紫苏很想和干娘干爹哥哥们一起庆祝一下,然而,她的事情还没做完,还需要隐忍两天。
晚上的时候,紫苏为了避免被认出来,便换了一家客栈投宿。
冤家路窄的事情,总是在冥冥之中注定了。即便是换一家客栈,还是会碰上相碰上又不愿碰上的人。
在大家休息之后,紫苏坐在窗前,看着窗外的街上,这芙蓉镇算不上灯红酒,却也十分的热闹。
“假装别人的侄女,很好玩么?”
一道平凉的带着磁性的魔力声音,从窗外传来。
紫苏完全是毫无防备,被这突如其来的声音吓得差点从木椅上跌倒地上。
“你——你——”紫苏爬起来就想跑,然而,她的纤纤玉脖已经被人家的大手从后面抓了个正着。
“上次还以为你只是调皮而已,内心善良,却不想,居然被你的假象迷惑,呵呵,我暮云泽的眼睛也瞎了一次。”
暮云泽像是拎着个玩偶一般轻而易举的将紫苏从窗前拎着,扔到了床上。
紫苏只觉得被扔的像是浑身散架一般。
“!小姐!”徐海宁等人在门外,听到了房间里有动静,便觉得有些异常,急忙的站在了门外,低声的询问。
紫苏由于被掐着而涨得通红的小脸,在氤氲朦胧的灯光面前,显得有一番别样滋味。
暮云泽一边松开手一边低声恐吓,“那帮崽子进来也是送死,你不想事情闹大,最好知道怎么做。”
紫苏那无辜天真的大眼睛都快流出眼泪了,急忙的点了点头。
娘的,真是倒霉催的,怎么眼看着就看到胜利的曙光,这个大冰块突然就出现了呢?就像是一堵高大又密不透风的墙,将胜利曙光严严实实的遮挡住了,瞬间陷入无限黑暗。

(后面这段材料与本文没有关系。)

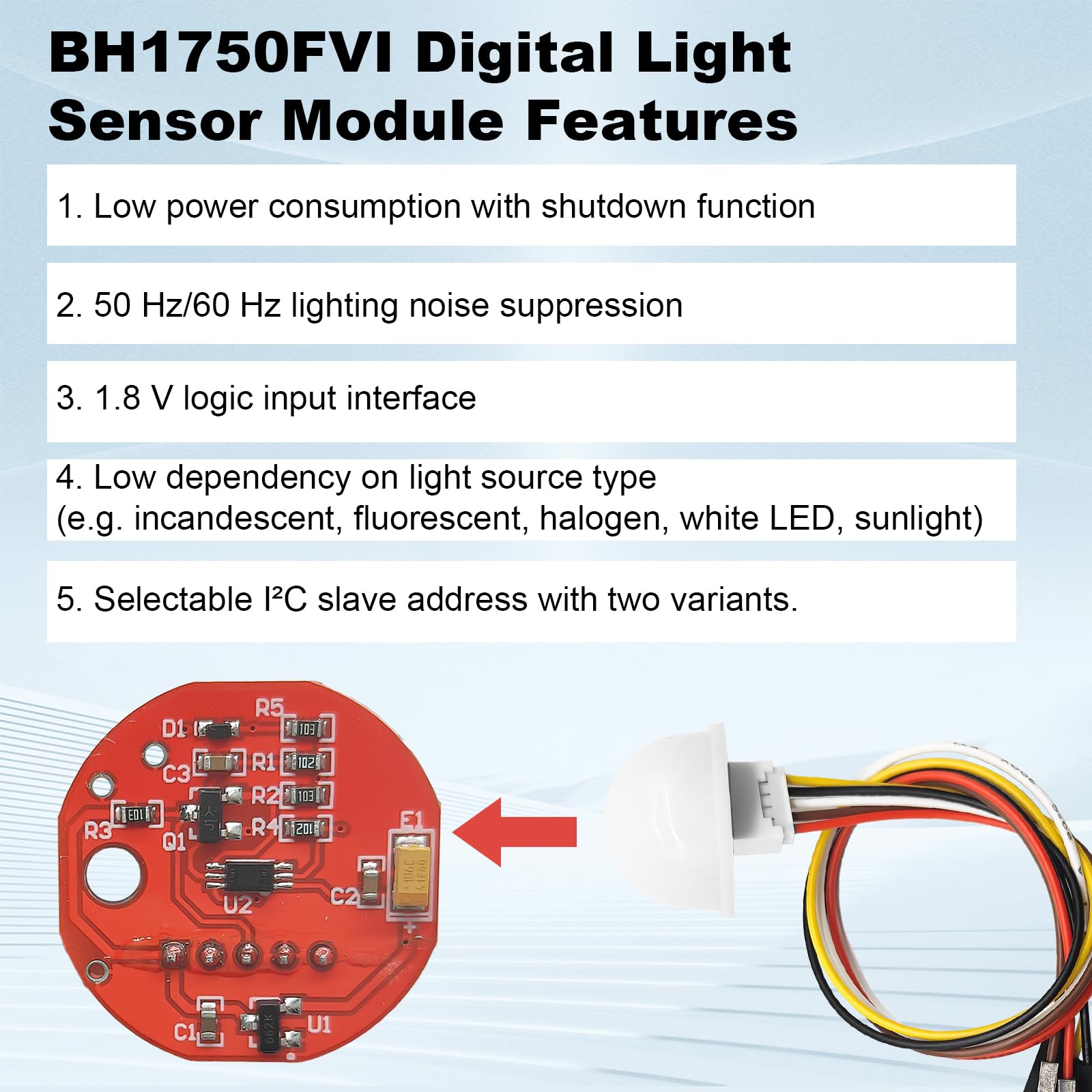 AYWHP BH1750FVI Lot de 5 modules de capteur de lumière numérique à puce pour Arduino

徐海宁总觉得哪里不对劲,正要强行破门而入,却听到了房间传出来的声音。
“我没事,你们休息吧,明天一早,咱们就回怀柔县。”紫苏努力的让自己的声音听起来比较正常。
“小姐,真的没事?”徐海宁再次确认。
“没有啊,睡觉睡觉。”紫苏真是无奈的要哭了,明明掉进了无限深坑,还得笑着说这里好舒服,娘的,这样的情形实在让人心如刀割却又无能为力。
徐海宁这才缓缓离去。
暮云泽听着外面没有了脚步声,这才一把将紫苏给拉起来,拎着她的衣领,那么近距离的盯着她,说道,“都说漂亮的女人最爱骗人,看来还真是如此。”
紫苏那细长卷翘的睫毛忽闪一下,水晶般澄澈的眸子眨了眨,吧嗒一下咂摸着暮云泽的话中含义,不禁的问道,“你被漂亮的女人伤害过?”
暮云泽万万没想到紫苏会问这么一句话,不禁的嘴角轻微抽扯一下,眉头皱的有些紧巴。
“实践出真知,这句话听说过没有?”紫苏那蝴蝶翅膀般抖动的睫毛,有一种迷人的魅力。
暮云泽一怔,虽然这句话他没有听说过,但是字面含义他还是明白的,而且,他突然对于这个看似除了打架做贼顽劣的姑娘有点别的看法,这个姑娘难道念过学堂?短短的五个字,竟然说的很有道理。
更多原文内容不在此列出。